Kaifu's visit comes amid a stalemate between the US and the Philippines over the future of American bases that have dominated Southeast Asia's security profile for years.
Lengthy negotiations over Clark Air Base and Subic Bay Naval Station collapsed late last week in a deadlock over compensation and the length of a new treaty. The lease on the facilities expires in September.
Manila has offered a maximum seven-year lease at US$825 million annually for use of the facilities, which guard vital trade routes for Japan and other Asian nations. Washington wants use for 10 to 12 years, but says it can offer no more than $360 million yearly, plus some trade concessions and debt relief.
The US bases, a wrenching domestic issue in the Philippines, are also stirring debate among other countries that have seen the American presence as a check on the now-retreating Soviets and the resurging Japanese.
Japan, the Philippines' largest aid donor, as well as Australia, Thailand, and Singapore, endorse continued American use of the facilities, while the Philippine Senate opposes it. The 32-member body must ratify the treaty.
Kaifu also cautioned the Philippines against seeking a partial write-off of its official debt. Many politicians and legislators have demanded to know why Manila cannot follow Poland's lead and eliminate part of its debt burden.
Still, the US bases are seen as a security check on Japan, even as the region welcomes Japanese investment.

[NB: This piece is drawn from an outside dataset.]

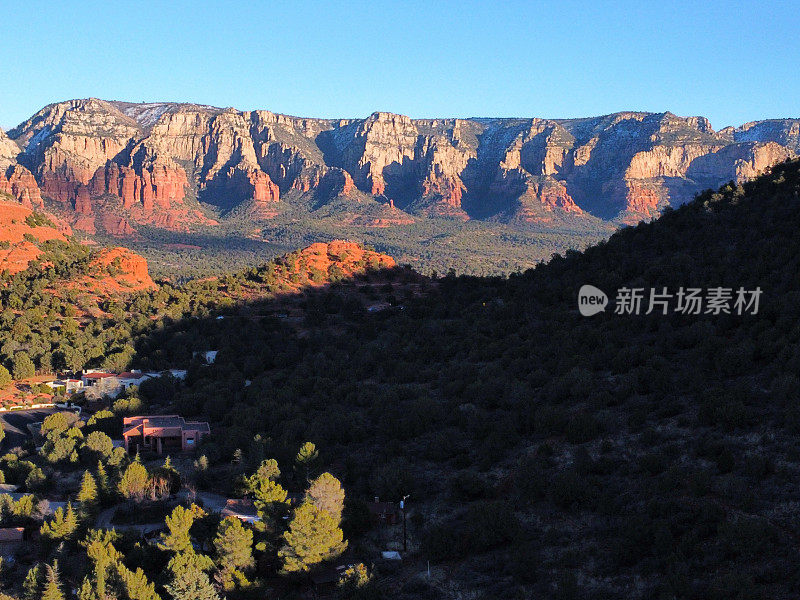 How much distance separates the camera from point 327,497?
1991cm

In light of US intentions to eventually withdraw from the Philippines, Manila wants to draw up a new regional security arrangement and will host a conference for Southeast Asian countries in June. The US is pushing a broader security arrangement including Japan and noncommunist Southeast Asia.
"If we remove the American presence here, the Japanese will rearm and move in as fast as the Americans move out," says Emilio Osmena, a prominent Filipino businessman and politician whose father was killed by the Japanese.
Still, Asian diplomats say, Kaifu went to great pains to calm fears of a resugent, militaristic Japan, expressing "our sincere contrition at Japanese past actions, which inflicted unbearable suffering and sorrow upon a great many people of the Asia-Pacific region."
The prime minister also defended the decision to send four small minesweepers and two escort ships to the Gulf as consistent with Japan's noncombat policy.
"Japan has made a positive effort to contribute to the resolution of regional conflicts and disputes, and I assure you we are determined to do even more in the future," Kaifu said in Singapore.
Separately, Kaifu refused to endorse Malaysia's proposal for an East Asian economic alliance lead by Japan. The plan is one of several proposed Asian counterweights to the post-1992 European Community market and the US-Canada free trade area.
Japan, locked in trade disputes with the US and Europe, its major markets, has withheld support for an Asian trading bloc.